Entscheidungsstichwort (Thema)
Nichtigkeit einer Prüfungsanordnung an eine durch Verschmelzung erloschene Gesellschaft
Leitsatz (amtlich)
Eine Prüfungsanordnung, die nach Verschmelzung einer GmbH auf eine bis auf die Gesellschaftsbezeichnung gleichnamige GmbH & Co KG versehentlich an die GmbH, vertreten durch den Geschäftsführer (beider Gesellschaften) gerichtet wurde, kann nicht in eine an die GmbH & Co KG gerichtete Prüfungsanordnung umgedeutet werden.

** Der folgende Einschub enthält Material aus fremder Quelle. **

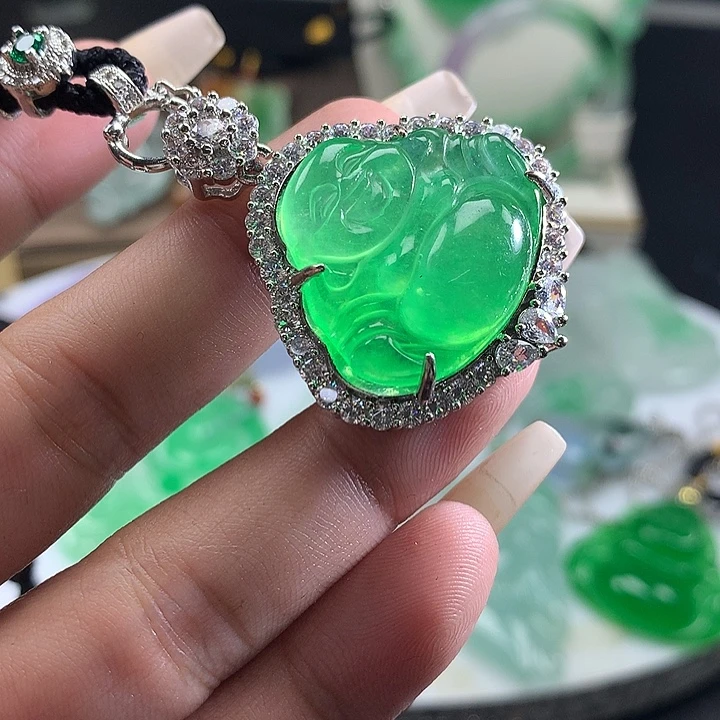 翡翠未镶嵌吊坠(赠链)翡翠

Lässt sich der Steuerpflichtige gleichwohl rügelos auf die Außenprüfung ein, so führt dies nicht zu einer Ablaufhemmung der Festsetzungsverjährung.
Die Beteiligten haben keinen Anspruch darauf, dass das Gericht in der mündlichen Verhandlung zu ihren Rechtsauffassungen inhaltlich Stellung nimmt.
Normenkette
AO § 171 Abs. 4
Nachgehend
Tatbestand
Streitig ist die Änderung bestandskräftiger Umsatzsteuerfestsetzungen aufgrund des EuGH-Urteils vom 17.02.2005 Rs. C-435/02 Linneweber.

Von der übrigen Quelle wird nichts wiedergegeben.